DESCRIPTION OF THE TASK:
The entries that follow must be given again exactly, with the pictures excluded.

== Segment start ==

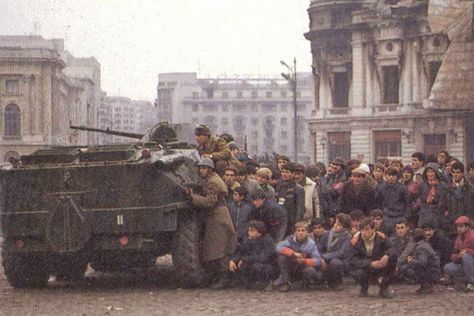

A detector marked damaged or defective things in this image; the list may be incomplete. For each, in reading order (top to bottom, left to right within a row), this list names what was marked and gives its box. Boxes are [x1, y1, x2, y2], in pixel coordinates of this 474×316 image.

burned facade [304, 0, 474, 163]
damaged building [304, 0, 474, 163]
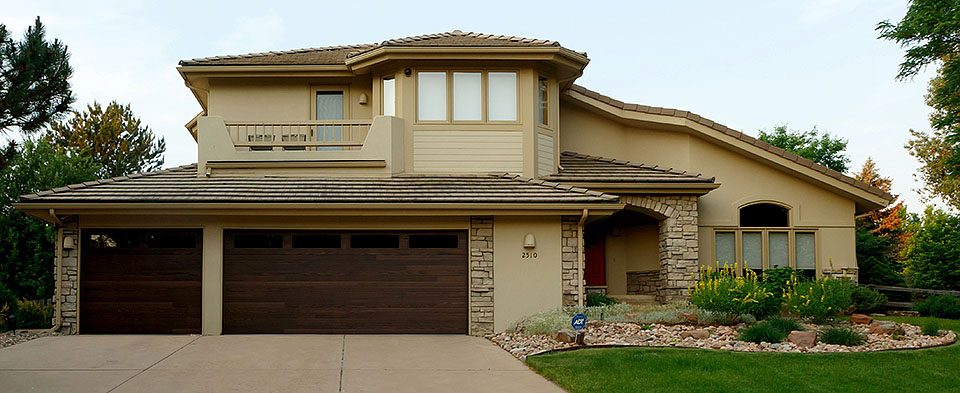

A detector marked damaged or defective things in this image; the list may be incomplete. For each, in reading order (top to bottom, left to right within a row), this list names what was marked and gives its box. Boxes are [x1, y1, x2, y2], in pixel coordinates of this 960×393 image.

driveway crack [106, 334, 200, 392]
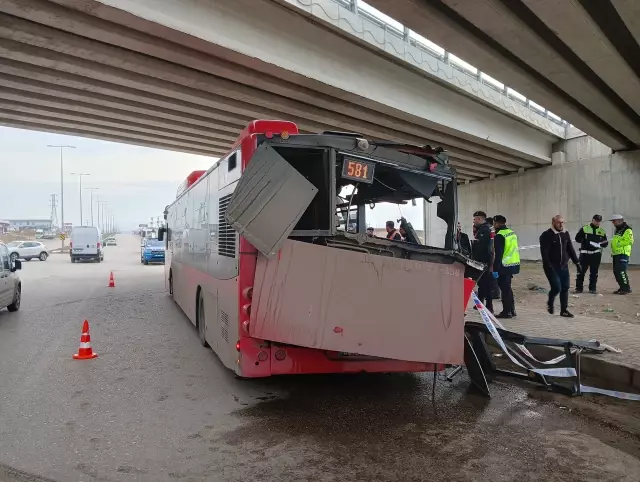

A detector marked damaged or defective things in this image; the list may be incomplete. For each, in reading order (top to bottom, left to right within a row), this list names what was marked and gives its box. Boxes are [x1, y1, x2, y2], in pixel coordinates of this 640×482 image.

== Segment end ==

WRITTEN REPLY:
A detector marked damaged or defective things in this image; the list may be incomplete. For each, in reading order (top to bottom, left to right within a row), this list names what was marked and gives its box. Boxes are [x1, y1, x2, y2], in pixel coordinates of this 474×316 image.

burned facade [304, 0, 474, 163]
damaged building [304, 0, 474, 163]

A detector marked damaged or defective things in this image; the list may be incomplete. For each, in reading order (top to bottom, left to right within a row), this list names what was marked and gives its box. Boxes are [x1, y1, x2, y2], in pixel coordinates of this 960×393 image.

driveway crack [106, 334, 200, 392]

A detector marked damaged or defective things in this image; the list may be incomplete. For each, in reading order (top to bottom, left to right within a row), this list names what was marked and gives its box. Boxes are [x1, y1, x2, y2], in pixel coordinates of this 640×482 image.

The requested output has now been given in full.